Social desirability might also be a factor - participants may answer with average values or slightly above, projecting a positive image of their team. Assessing leadership is generally a sensitive point. The corresponding score may have been skewed to slightly higher values. On the other hand, since the participants were volunteers, they are probably not the most dissatisfied employees within the organization, which can also otherwise justify our values.
Our sample included several professional groups (doctors, technicians, operational assistants and a majority of nurses) but the restricted number of participants of some may prevent a comparative analysis. We believe that the reality of the various professional groups is substantially different and analysing them together may cloud some results. We also had to group different services (operating room, emergency room, external consultation) but each has its own characteristics, stress level and team dynamics. A clear example would be the differences between the emergency room and the external consultation teams.

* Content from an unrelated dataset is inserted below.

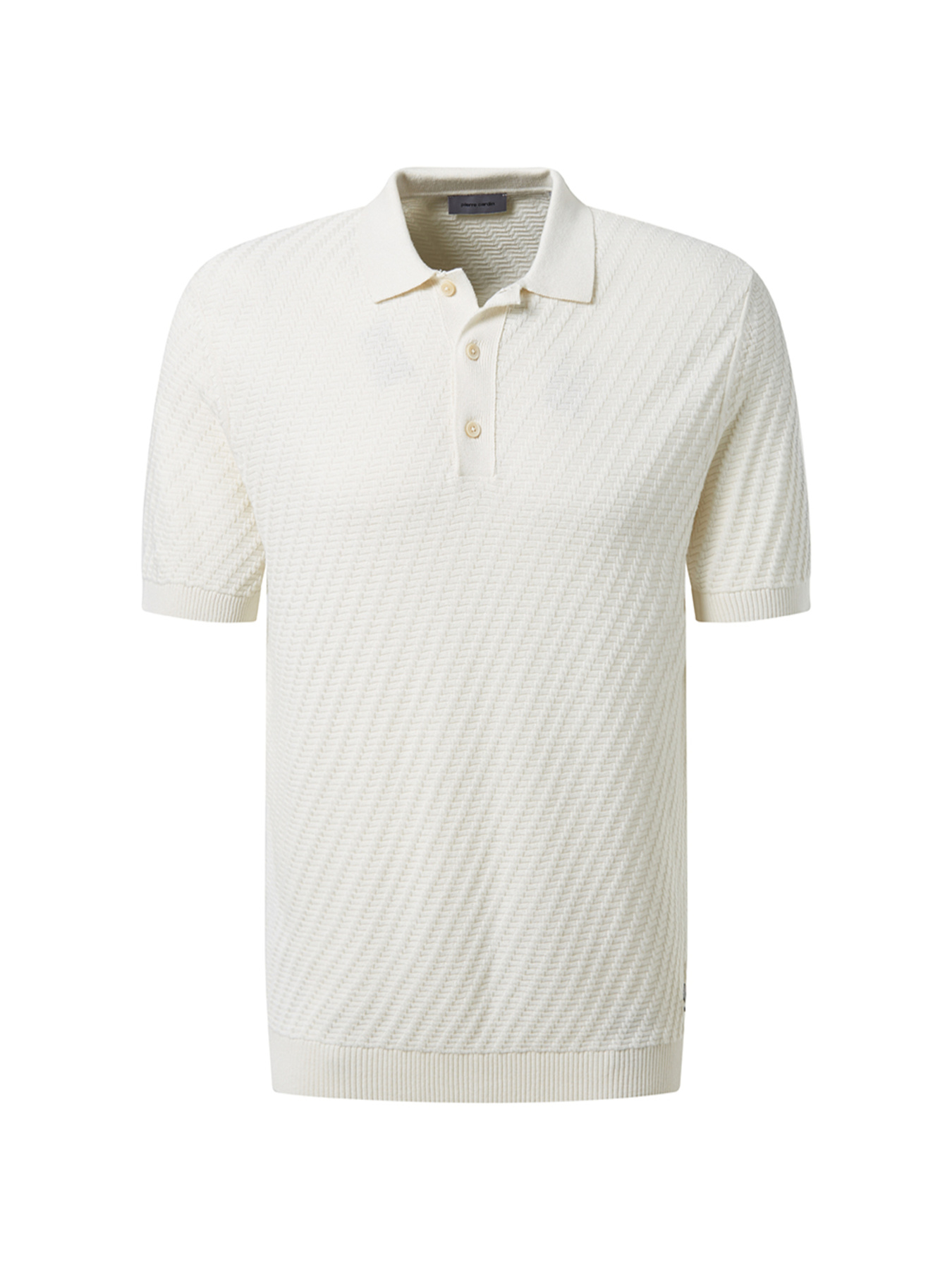 Поло Pierre Cardin модель C5 51314.5094.1006 Поло Pierre Cardin модель C5 51314.5094.1006 Фото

Finally, all our data come from a single Hospital. If there are specific conditions particular to this institution, the results, although strictly speaking correct, might inform us no longer about the general civility and empowerment dynamics, but about the institutional dynamics.
Future research
To our knowledge, this is the first study that tests the mediating role of civility between structural empowerment and employees’ mental health. Therefore, the results can only be thought of as indicative, and need further testing on other samples, to solidify evidence. Moreover, it might be interesting to discriminate between public, private and public-private hospitals, since different types of administration might provide different levels of structural empowerment. Many work conditions that make up or influence structural empowerment and team civility are enhanced or limited by leadership. The type of leadership is also a relevant variable to take into account when studying the concepts of our research. Finally, it might inform us of the depth of the civility/incivility problem if medical errors and patient satisfaction were crossed with our type of results.
Conclusions
Health professionals who have higher structural empowerment, perceive high civility in the workplace and have been working in the hospital for a longer time report higher mental health. Among those who have been working in the hospital for less time, civility was not significantly related to mental health.
Scientific literature about occupational health points out that work environments with supportive relationships, respect, trust and cooperation promote better results, both in terms of performance and safety. The importance of this type of relationships (civility) is clear in our results, although its effect seems to depend on other variables such as tenure.
The results of this study can be used as a starting point for further experimental research in order to validate the causality of the relations between the studied variables and to design future interventions that meet the needs of these professionals (eventually different in specific stages of professional development/career), improving their work contexts, their health and effectiveness, on which the quality of services provided to the users depends, and consequently the health of all of us.